Investigation of the role of an amino acid triplet repeat in differentiating drug-receptor interaction at m1 and m2 muscarinic receptors

Sheng Zu Zhu, Seok Yong Lee, Shou Zhen Wang, Esam E El-Fakahany

Research output: Contribution to journalArticlepeer-review

1 Scopus citations

Abstract

The first putative extracellular domains of both ml and ml muscarinic receptors contain a triplet of amino acid residues consisting of leucine (L), tyrosine (Y), and threonine (T). This triplet is repeated as LYTLYT in m2 receptors. However, it is repeated in a transposed fashion (LYTTYL) in the sequence of ml receptors. In this work we employed site-directed mutagenesis to investigate the possible significance of this unique sequence diversity in determining the distinct differential drug-receptor interaction at the two receptor subtypes.

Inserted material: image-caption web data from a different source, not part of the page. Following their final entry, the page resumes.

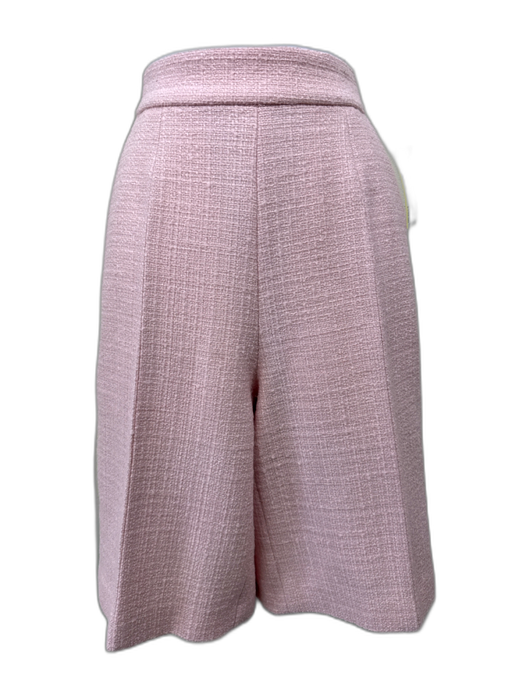 Carolina Herrera Size 4 Baby Pink Missing Fabric Tag Tweed Bermuda Shorts Baby Pink / 4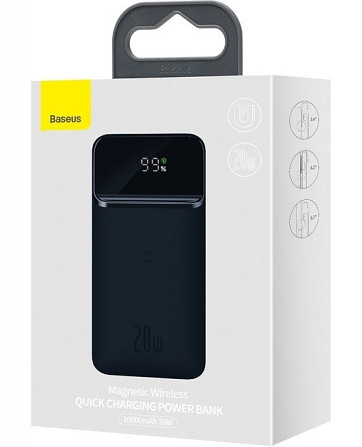Бездротовий/Дротовий PowerBank 10.000 мАг 3,7 В 3 порти з індуктивною зарядкою Baseus (PPMT-03) Нововолинськ - фото 8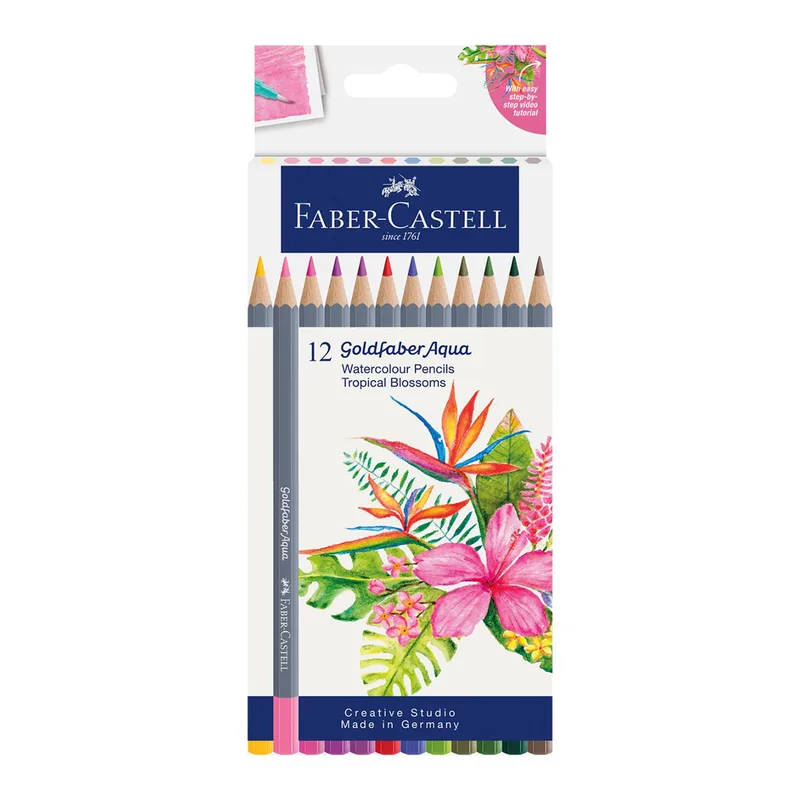 WC Pencils GoFa Aqua – 12 pcs. in Box (114610) by Faber-Castell – product photo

Mutation of the LYTTYL sequence of ml receptors to the corresponding m2 receptor LYTLYT sequence, however, did not significantly change the binding affinity of the agonist carbachol or the affinity of the majority of a series of receptor antagonists which are able to discriminate between wild-type ml and m2 receptors. The reverse mutation at the m2 receptor also did not modify agonist affinity, but altered affinity of several receptor subtype-selective antagonists. The magnitude of affinity changes, however, was small, and the direction of these changes was opposite to what would be expected if the m2 receptor LYTLYT sequence were important for determining the binding profile of m2-receptor-selective antagonists. Our data suggest that the LYTTYL-LYTLYT sequence differences between ml and m2 muscarinic receptors are not important for determining receptor pharmacology.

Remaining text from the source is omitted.